5 Responses to “It’s gonna be a bright sunshiny day”

  1. Paul Hahn Says:


    I enjoyed the nostalgic and profound nature of this posting. I have the same emotions at my age, which is approaching 60.
    The great thing about getting older is the better perspective one has.
    Thank you for continuing your travel blog even when you’re not on the road. Honest writing like yours is appreciated; I look forward to reading it every day.
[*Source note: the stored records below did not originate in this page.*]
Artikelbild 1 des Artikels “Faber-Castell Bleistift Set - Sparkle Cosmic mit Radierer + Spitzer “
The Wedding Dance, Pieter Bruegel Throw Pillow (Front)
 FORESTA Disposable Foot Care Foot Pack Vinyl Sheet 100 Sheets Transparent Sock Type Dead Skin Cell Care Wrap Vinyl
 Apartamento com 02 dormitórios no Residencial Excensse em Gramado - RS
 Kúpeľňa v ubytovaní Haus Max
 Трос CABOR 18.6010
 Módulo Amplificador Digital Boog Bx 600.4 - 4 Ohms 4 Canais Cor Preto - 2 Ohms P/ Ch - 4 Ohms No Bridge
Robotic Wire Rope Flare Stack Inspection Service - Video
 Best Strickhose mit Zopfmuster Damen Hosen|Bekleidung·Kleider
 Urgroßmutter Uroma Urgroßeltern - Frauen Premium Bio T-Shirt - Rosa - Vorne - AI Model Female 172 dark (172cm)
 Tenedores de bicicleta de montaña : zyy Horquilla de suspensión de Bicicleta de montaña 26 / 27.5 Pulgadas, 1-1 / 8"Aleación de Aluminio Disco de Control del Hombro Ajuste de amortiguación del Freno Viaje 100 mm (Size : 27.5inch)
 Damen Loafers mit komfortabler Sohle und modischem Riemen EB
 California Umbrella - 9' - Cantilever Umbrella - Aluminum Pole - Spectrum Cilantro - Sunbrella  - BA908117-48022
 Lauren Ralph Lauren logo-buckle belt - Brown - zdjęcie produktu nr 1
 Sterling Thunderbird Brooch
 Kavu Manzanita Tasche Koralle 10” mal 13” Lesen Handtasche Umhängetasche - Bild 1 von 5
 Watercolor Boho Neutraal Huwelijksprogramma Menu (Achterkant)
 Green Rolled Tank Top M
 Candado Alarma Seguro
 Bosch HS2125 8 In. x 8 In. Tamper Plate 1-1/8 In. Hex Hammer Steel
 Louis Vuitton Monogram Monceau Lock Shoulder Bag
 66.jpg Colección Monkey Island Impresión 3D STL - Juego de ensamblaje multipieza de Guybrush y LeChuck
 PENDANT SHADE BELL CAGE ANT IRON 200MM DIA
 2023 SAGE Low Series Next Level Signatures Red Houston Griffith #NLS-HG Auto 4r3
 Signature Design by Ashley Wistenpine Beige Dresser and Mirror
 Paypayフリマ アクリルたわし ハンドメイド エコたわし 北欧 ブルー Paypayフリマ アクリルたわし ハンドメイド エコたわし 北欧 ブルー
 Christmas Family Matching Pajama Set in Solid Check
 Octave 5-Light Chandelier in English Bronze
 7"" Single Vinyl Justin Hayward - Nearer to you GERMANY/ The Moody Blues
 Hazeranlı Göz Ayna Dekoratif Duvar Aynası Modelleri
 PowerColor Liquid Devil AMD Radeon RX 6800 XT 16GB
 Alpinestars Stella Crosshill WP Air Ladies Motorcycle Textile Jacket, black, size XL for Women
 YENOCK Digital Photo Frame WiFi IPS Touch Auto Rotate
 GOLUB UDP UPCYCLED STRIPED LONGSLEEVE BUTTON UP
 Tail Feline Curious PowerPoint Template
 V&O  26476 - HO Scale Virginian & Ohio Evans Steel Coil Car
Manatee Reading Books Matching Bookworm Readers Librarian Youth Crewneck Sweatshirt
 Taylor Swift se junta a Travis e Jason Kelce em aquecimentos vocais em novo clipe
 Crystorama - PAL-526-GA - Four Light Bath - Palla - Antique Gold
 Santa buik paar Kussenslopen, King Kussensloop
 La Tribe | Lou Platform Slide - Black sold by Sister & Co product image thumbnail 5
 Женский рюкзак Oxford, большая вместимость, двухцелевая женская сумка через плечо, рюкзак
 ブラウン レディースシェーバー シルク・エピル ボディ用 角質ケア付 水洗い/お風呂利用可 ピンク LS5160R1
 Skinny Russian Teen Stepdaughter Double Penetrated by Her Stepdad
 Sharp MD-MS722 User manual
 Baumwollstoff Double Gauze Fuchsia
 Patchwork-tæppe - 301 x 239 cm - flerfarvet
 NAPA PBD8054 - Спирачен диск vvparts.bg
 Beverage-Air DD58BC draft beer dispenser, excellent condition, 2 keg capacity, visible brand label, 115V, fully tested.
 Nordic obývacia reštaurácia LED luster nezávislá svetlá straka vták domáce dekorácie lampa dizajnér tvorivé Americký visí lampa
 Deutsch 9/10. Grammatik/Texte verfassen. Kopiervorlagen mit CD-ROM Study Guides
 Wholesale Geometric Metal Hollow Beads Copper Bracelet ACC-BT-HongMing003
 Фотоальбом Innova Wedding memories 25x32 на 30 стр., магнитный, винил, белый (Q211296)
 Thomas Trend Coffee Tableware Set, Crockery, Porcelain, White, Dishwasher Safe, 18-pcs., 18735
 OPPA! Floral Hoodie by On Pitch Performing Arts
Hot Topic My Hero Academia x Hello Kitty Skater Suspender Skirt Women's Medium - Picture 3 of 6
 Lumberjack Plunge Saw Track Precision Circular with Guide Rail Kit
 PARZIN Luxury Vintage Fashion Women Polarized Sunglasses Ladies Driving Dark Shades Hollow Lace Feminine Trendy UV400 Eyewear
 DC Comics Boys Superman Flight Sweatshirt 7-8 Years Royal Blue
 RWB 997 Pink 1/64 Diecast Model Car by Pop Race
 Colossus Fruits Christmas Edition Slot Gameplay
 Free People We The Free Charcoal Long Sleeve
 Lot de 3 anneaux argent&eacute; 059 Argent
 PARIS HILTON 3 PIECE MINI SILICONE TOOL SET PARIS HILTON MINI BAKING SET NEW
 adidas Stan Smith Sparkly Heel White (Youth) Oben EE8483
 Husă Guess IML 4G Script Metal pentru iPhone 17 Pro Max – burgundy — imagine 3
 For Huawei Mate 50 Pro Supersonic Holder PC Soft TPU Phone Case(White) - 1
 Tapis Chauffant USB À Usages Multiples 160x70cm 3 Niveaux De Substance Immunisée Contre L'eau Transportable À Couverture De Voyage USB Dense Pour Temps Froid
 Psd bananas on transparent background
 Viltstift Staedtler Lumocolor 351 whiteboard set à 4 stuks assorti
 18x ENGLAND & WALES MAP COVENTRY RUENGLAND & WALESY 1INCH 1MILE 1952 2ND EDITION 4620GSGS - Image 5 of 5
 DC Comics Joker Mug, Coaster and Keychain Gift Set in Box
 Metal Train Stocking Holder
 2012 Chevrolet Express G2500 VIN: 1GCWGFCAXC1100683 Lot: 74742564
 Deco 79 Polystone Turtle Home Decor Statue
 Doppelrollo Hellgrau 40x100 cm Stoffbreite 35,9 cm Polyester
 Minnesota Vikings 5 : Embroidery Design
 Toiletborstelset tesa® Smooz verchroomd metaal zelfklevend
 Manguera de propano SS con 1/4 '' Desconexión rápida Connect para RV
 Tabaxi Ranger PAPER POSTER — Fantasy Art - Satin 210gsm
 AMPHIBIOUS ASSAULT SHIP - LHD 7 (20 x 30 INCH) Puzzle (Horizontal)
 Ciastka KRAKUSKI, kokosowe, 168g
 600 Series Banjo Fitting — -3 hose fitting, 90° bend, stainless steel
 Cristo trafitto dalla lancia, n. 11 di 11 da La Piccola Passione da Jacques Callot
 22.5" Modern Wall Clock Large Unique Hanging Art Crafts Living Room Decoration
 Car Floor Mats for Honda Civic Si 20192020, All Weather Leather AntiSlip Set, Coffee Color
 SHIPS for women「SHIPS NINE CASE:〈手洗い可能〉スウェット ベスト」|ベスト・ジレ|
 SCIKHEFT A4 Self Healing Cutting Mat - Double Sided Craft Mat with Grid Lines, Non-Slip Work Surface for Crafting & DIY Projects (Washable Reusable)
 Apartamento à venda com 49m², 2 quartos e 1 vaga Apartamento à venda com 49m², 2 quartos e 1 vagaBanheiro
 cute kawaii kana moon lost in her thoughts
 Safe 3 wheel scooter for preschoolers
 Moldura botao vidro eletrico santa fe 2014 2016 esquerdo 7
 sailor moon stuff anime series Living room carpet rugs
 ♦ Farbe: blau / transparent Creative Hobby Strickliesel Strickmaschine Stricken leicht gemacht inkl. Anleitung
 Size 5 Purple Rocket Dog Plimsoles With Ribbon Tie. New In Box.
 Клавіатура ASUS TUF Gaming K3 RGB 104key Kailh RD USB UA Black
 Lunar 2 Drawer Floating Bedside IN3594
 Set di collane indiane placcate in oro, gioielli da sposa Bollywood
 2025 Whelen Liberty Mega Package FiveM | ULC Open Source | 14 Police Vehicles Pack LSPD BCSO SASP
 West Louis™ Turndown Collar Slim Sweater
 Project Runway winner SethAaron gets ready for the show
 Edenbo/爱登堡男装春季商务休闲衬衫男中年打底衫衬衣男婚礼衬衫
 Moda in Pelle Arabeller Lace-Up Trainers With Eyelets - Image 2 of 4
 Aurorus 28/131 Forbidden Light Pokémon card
  2. predeta gartman Says:

    the first eleven years of our marriage we traveled, nine of them in a 24 foot fleetwing travel trailer. my husband worked for Western Union and I towed the trailer more than my husband. when he transferred to another job with the company our son was two and a half when we quit traveling. now we are retired- a beautiful word-and we travel in our Airstream. this is a wonderful country!!

  3. Jane Zweig Says:

    I remember you when — back in the early 1990s…So I guess I’m part of the “old story”…it’s nice to see how you have aged…i’d say almost to perfection. And some of your “independence” has rubbed of on me and the challenges/opportunities I am now facing.
    And I remember how scared you were when Emma was born (and how you hated changing diapers!)…but look at how integral Emma is to the maturing of you and Eleanor. There is a balance to life and it sounds like you are finding it…and aging ain’t so bad…now that i’m mid-50s (i can’t believe I just wrote that), you can really do what you want without worrying what others think or feel. That is a very freeing thing. Enjoy your life and your health while it is still yours to have…and go for the gold…a wise old’ sage who we both know headed me in that direction.

  4. terrie Says:

    you guys are doing it all right….

  5. Tom Bentley Says:

    Rich, nice mood in your last screed; hope you can work that feeling somewhere into your book(s) to come. You cracked me up with the allusion of being a junior in high school. I’m a senior in high school now, but there was still time to get a tattoo of Mark Twain on my bicep this year, so “maturity” offers equal servings of growth and silliness, in their proper proportions. Please finish with your house repairs so you can come and fix the sub-floor on our ’66 Globetrotter; when I pick up a hammer, I only hurt myself.